Another noticeable effort was a dramatic second-half display against Derry in 1992, which saw a 9-point deficit hauled back to earn a draw. Wins were also recorded over Antrim in 1990 and Cavan in 1993 and 1994. After losses to Fermanagh in 1999 and 2000, a win over them was recorded in 2001.

The National Football League run of 1998 saw Monaghan qualify from a "group of death" that included Tyrone, Dublin, Kerry, Cavan and Sligo to qualify for the quarter-finals against Down in Croke Park. Behind at one stage early in the second half by 1–05 to 0-02, the Down goal scored by James Mc Cartan, a rally with goals by Darren Swift and Stephen Mc Ginnitty and a point by Peter Duffy gave Monaghan a surprise 2–05 to 1–06 win. They then lost the semi-final against Derry on a score of 1–12 to 0-08. The game had a bit of controversy too when a Mark Daly goal was disallowed, and a Monaghan player was sent off. During the Ulster Senior Football Championship meeting between both sides a few weeks later. Monaghan's Edwin Murphy was sent off on the advice of a linesman, but video evidence subsequently cleared him. Monaghan ultimately lost the game to Derry.

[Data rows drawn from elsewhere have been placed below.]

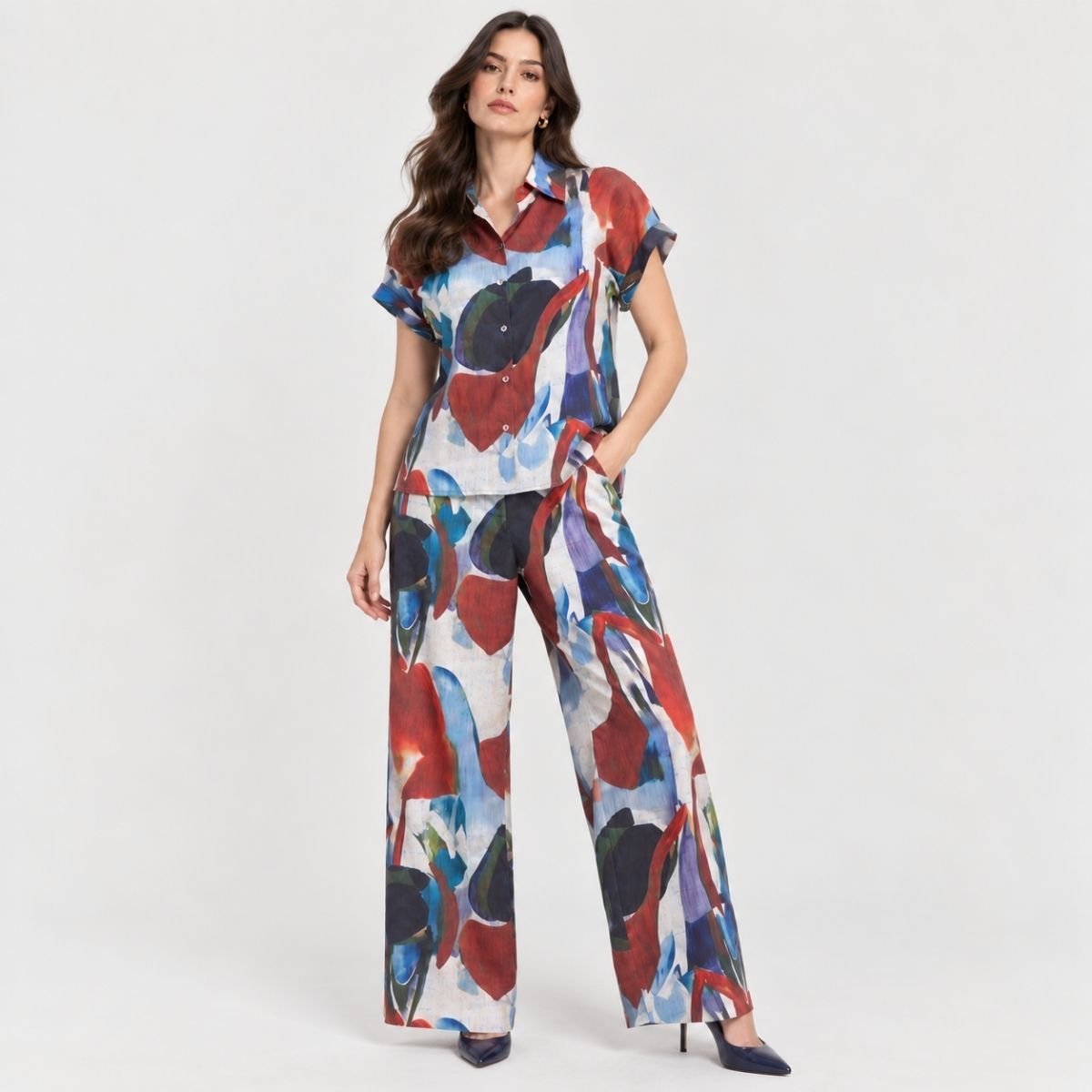 Blusa camisera con estampado artístico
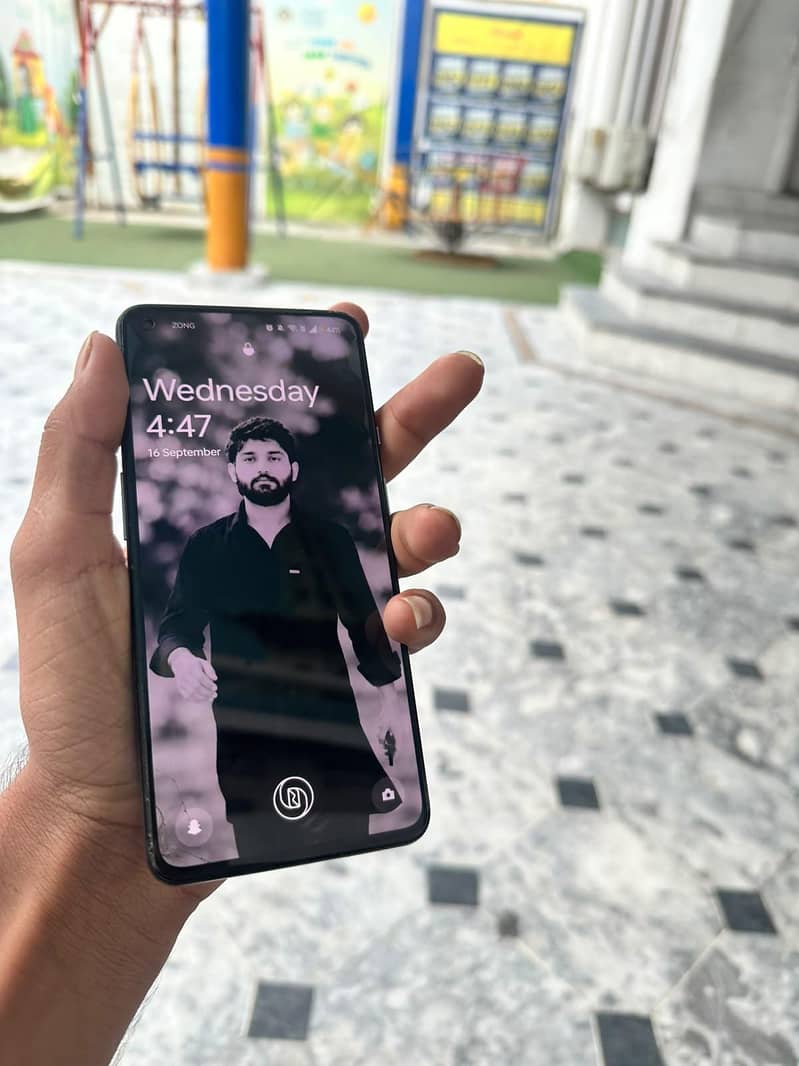 One Plus 9 5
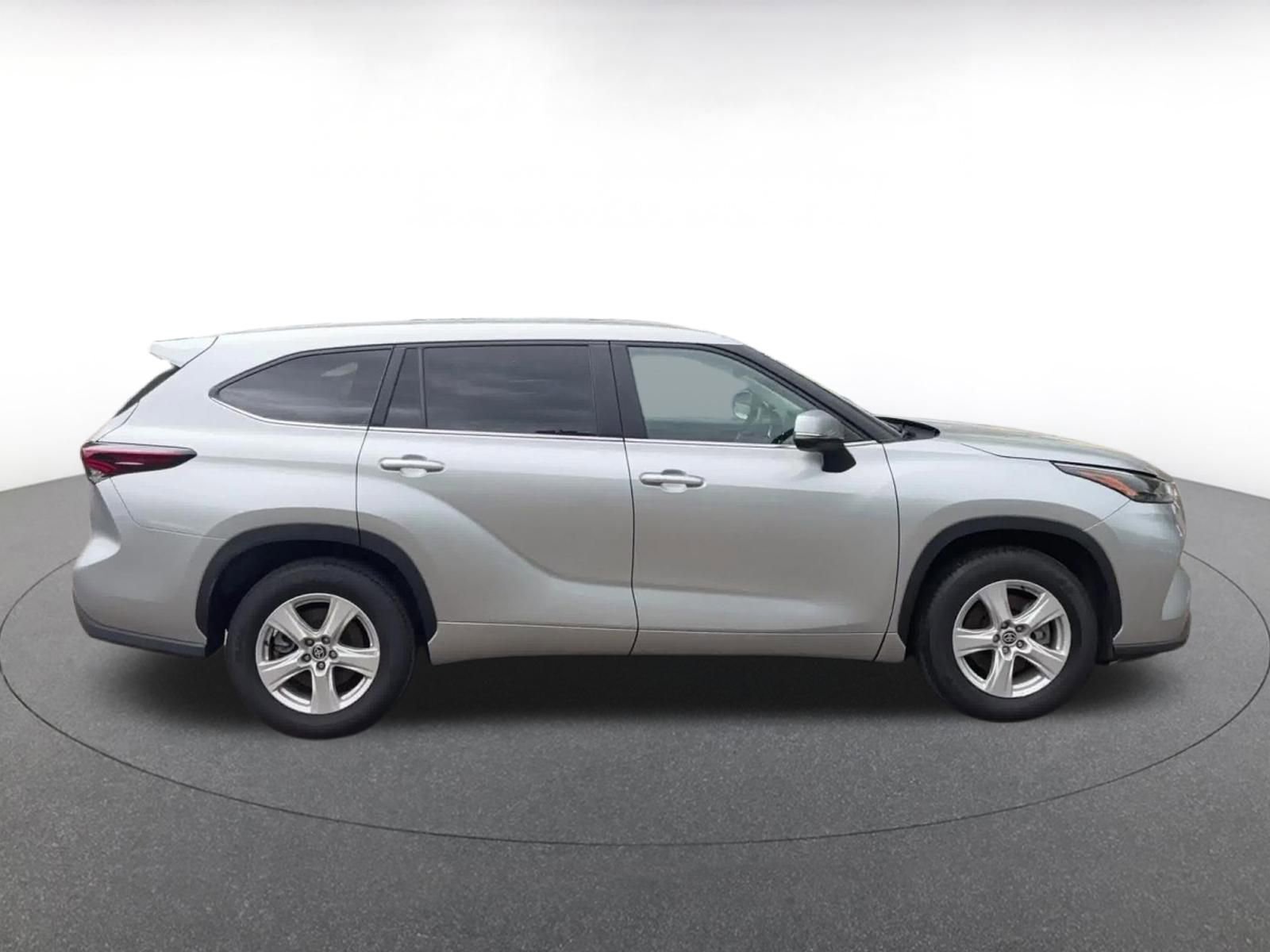 Thumbnail: 2025 Toyota Highlander - 16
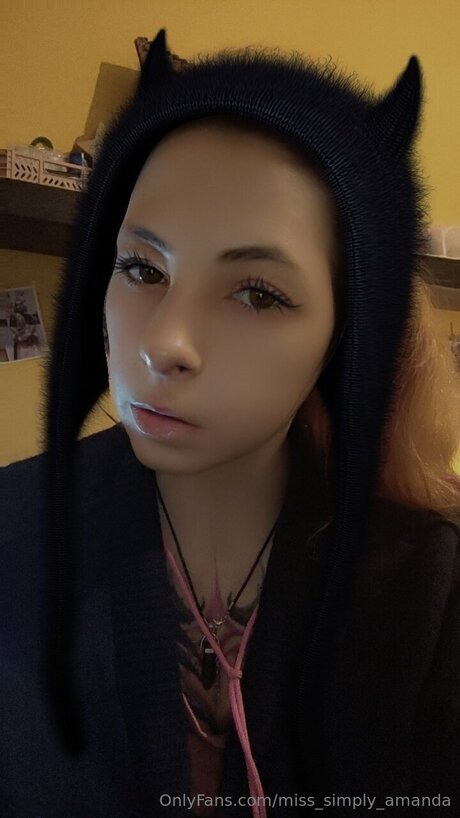 Miss Simply Amanda porno akt galerien
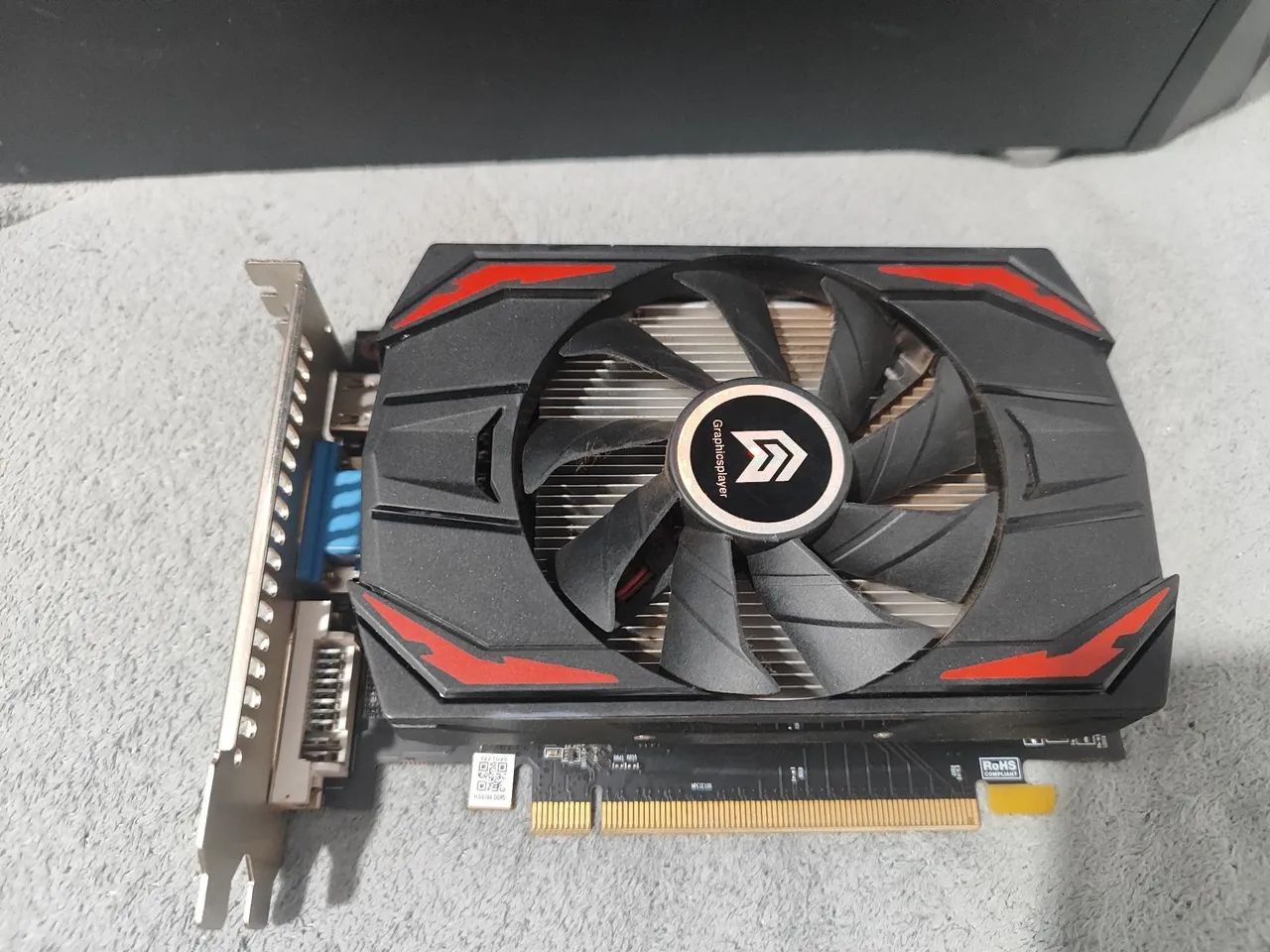 Placa de vídeo AMD Radeon HD6750 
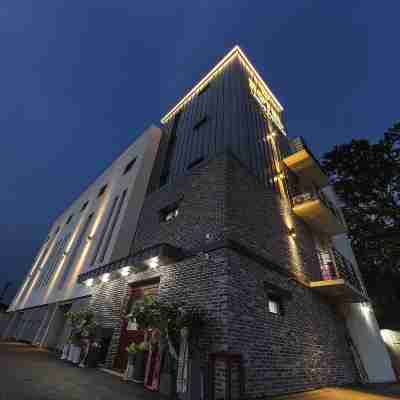 호텔 리즈 Hotel Exterior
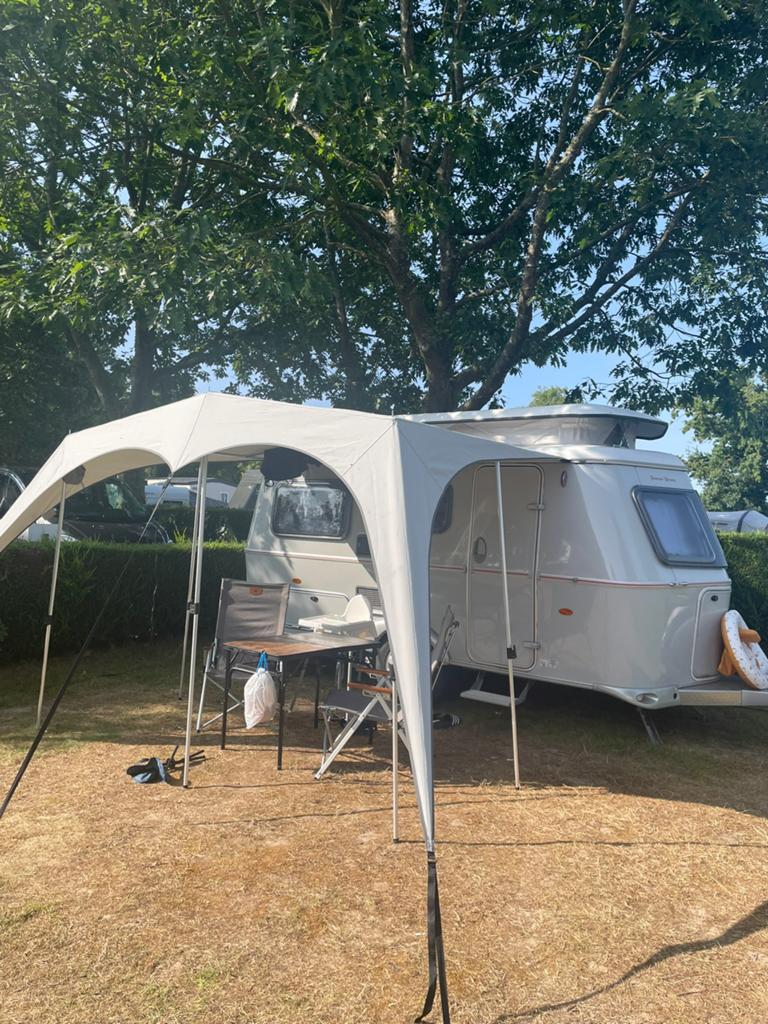 Eriba touring 430 Forever Young, 4 à 5 mètres, 750 - 1000 kg, Particulier, Siège standard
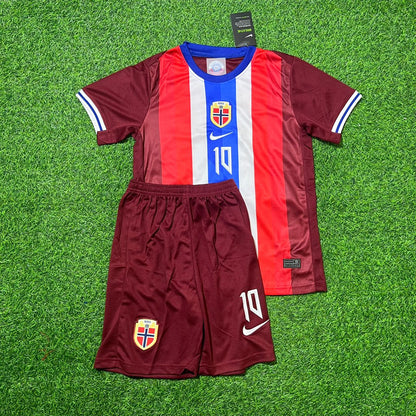 Martin Ødegaard Norwegen WM 2026 Neues rotes Fußballtrikot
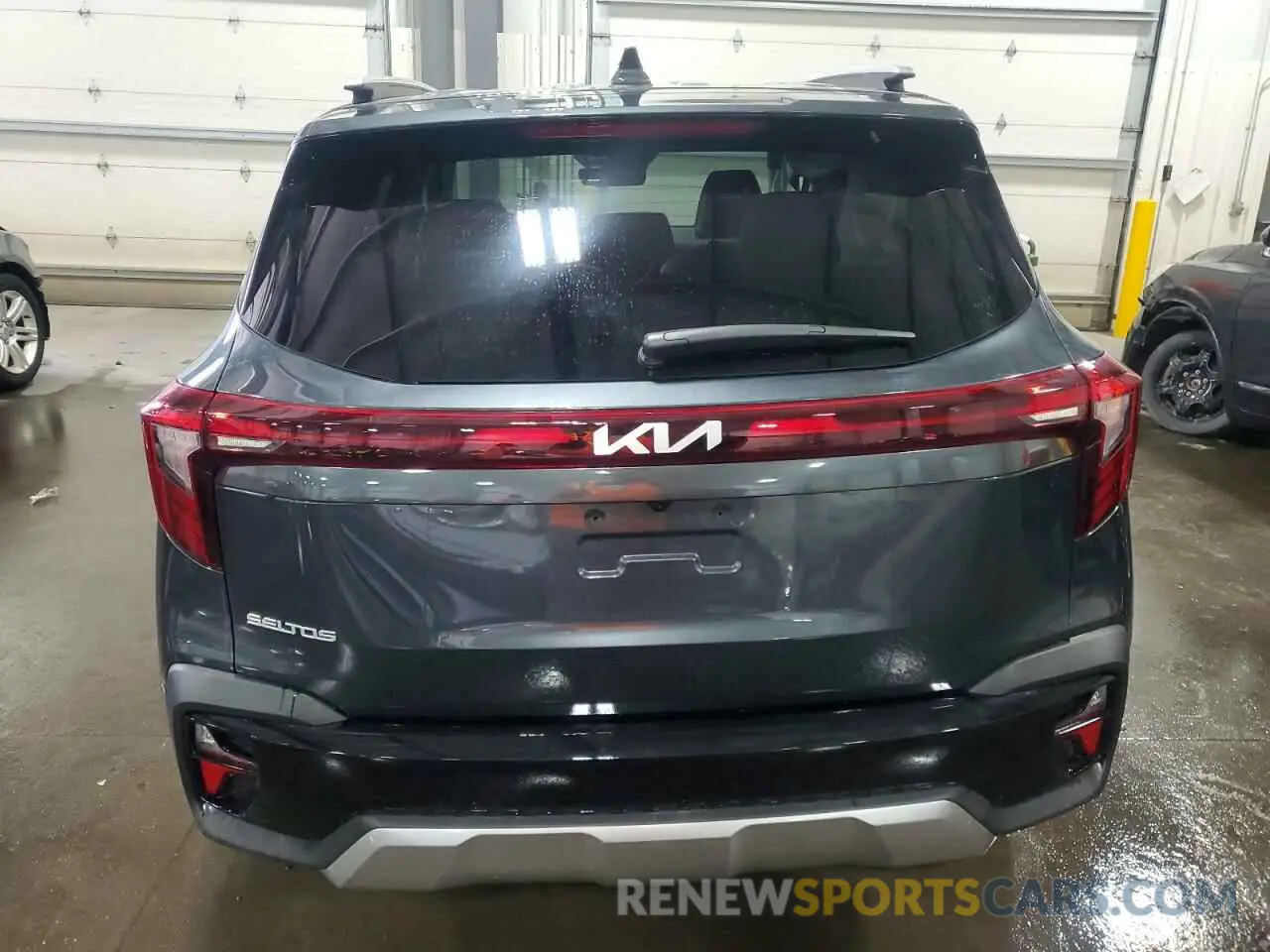6 Photograph of a damaged car KNDEU2AA7R7615498 KIA SELTOS 2024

At senior level in 1999, the county U-21 side won the Ulster championship over Donegal thanks to a last-gasp super point from Kieran Tavey. The run ended with a 2–10 to 0–08 defeat to eventual champions Westmeath in Croke Park.

At minor level, the county U-18 team reached the Ulster minor league finals in 2000 and 2002, losing to Tyrone on both occasions by a point. The team reached the Ulster championship final in 2001 for the first time in 18 years, but they lost 2–13 to 0–13 again to Tyrone, including a late missed penalty when only 4 points separated the sides. In 2001 the Vocational Schools team won the Ulster and All-Ireland championships.

In 2005, the county contested the Division 2 National Football League final against Meath at Croke Park. A last-gasp point from Paul Finlay in the final league game against Longford in Clones earned the team a draw and automatic promotion to Division 1 for the first time in 18 years. In the league semi-final against Derry in Clones, a goal within 15 seconds of the throw in by Tommy Freeman set Monaghan on their way, and despite Rory Woods being sent off Monaghan held out for a 1–13 to 1–11 win.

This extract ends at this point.